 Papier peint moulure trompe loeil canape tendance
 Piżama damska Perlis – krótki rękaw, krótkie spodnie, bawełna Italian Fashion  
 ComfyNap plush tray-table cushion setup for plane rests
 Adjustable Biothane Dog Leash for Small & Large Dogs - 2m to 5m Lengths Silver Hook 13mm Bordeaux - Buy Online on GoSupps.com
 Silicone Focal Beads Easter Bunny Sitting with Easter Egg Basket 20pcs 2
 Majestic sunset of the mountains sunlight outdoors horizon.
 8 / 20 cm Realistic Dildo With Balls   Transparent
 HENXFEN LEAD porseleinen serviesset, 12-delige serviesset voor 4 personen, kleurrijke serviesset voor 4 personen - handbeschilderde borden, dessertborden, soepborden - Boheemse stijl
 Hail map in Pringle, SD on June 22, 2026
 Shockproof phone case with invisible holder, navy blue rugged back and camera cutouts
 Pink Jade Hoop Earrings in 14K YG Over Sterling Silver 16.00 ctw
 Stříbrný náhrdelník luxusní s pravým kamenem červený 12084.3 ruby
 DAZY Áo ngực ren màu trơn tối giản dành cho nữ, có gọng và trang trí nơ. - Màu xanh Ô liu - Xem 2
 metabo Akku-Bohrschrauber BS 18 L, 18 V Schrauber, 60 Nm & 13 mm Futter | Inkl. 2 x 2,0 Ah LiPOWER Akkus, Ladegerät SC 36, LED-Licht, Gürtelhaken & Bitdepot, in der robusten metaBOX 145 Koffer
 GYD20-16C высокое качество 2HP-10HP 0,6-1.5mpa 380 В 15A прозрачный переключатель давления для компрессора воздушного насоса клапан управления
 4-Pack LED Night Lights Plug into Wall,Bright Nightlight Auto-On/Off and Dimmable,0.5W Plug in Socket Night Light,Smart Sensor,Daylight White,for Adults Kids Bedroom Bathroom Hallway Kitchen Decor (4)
◆ ◆ ◆ ◆ ◆ ◆ ◆
Exercise instructions: The task calls for each record to be returned verbatim.

Task result:
 Papier peint moulure trompe loeil canape tendance
 Piżama damska Perlis – krótki rękaw, krótkie spodnie, bawełna Italian Fashion  
 ComfyNap plush tray-table cushion setup for plane rests
 Adjustable Biothane Dog Leash for Small & Large Dogs - 2m to 5m Lengths Silver Hook 13mm Bordeaux - Buy Online on GoSupps.com
 Silicone Focal Beads Easter Bunny Sitting with Easter Egg Basket 20pcs 2
 Majestic sunset of the mountains sunlight outdoors horizon.
 8 / 20 cm Realistic Dildo With Balls   Transparent
 HENXFEN LEAD porseleinen serviesset, 12-delige serviesset voor 4 personen, kleurrijke serviesset voor 4 personen - handbeschilderde borden, dessertborden, soepborden - Boheemse stijl
 Hail map in Pringle, SD on June 22, 2026
 Shockproof phone case with invisible holder, navy blue rugged back and camera cutouts
 Pink Jade Hoop Earrings in 14K YG Over Sterling Silver 16.00 ctw
 Stříbrný náhrdelník luxusní s pravým kamenem červený 12084.3 ruby
 DAZY Áo ngực ren màu trơn tối giản dành cho nữ, có gọng và trang trí nơ. - Màu xanh Ô liu - Xem 2
 metabo Akku-Bohrschrauber BS 18 L, 18 V Schrauber, 60 Nm & 13 mm Futter | Inkl. 2 x 2,0 Ah LiPOWER Akkus, Ladegerät SC 36, LED-Licht, Gürtelhaken & Bitdepot, in der robusten metaBOX 145 Koffer
 GYD20-16C высокое качество 2HP-10HP 0,6-1.5mpa 380 В 15A прозрачный переключатель давления для компрессора воздушного насоса клапан управления
 4-Pack LED Night Lights Plug into Wall,Bright Nightlight Auto-On/Off and Dimmable,0.5W Plug in Socket Night Light,Smart Sensor,Daylight White,for Adults Kids Bedroom Bathroom Hallway Kitchen Decor (4)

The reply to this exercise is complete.